(PROBLEM DETAILS) The answer is to be the lines below that lie between the line holding "Lacoste Lacoste iPhone" and the line holding "The Cranberries UK", inclusive, transcribed exactly and free of pictures.

(DATA SUPPLIED)
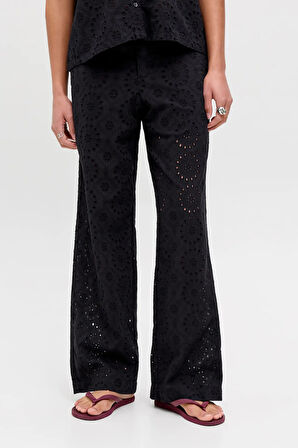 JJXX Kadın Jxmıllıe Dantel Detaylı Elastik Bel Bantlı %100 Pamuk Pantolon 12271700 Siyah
==
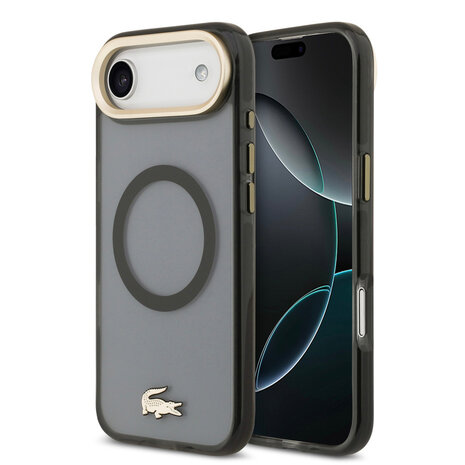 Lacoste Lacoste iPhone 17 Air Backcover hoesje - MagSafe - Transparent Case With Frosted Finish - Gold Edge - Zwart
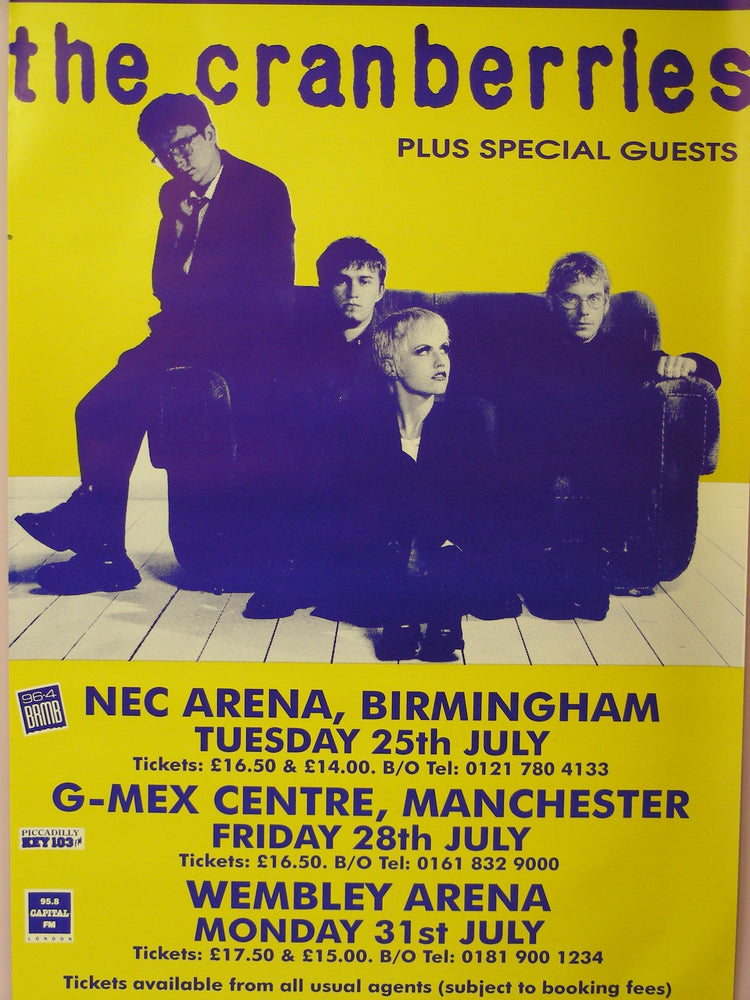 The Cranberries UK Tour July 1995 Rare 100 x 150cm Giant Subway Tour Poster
...
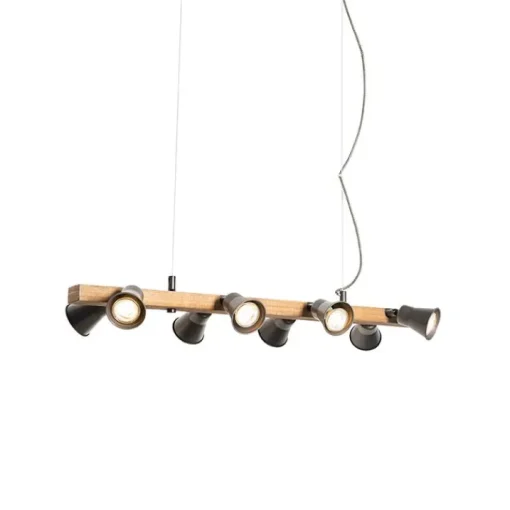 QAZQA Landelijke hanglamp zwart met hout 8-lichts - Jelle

(ANSWER TO THIS TASK)
 Lacoste Lacoste iPhone 17 Air Backcover hoesje - MagSafe - Transparent Case With Frosted Finish - Gold Edge - Zwart
 The Cranberries UK Tour July 1995 Rare 100 x 150cm Giant Subway Tour Poster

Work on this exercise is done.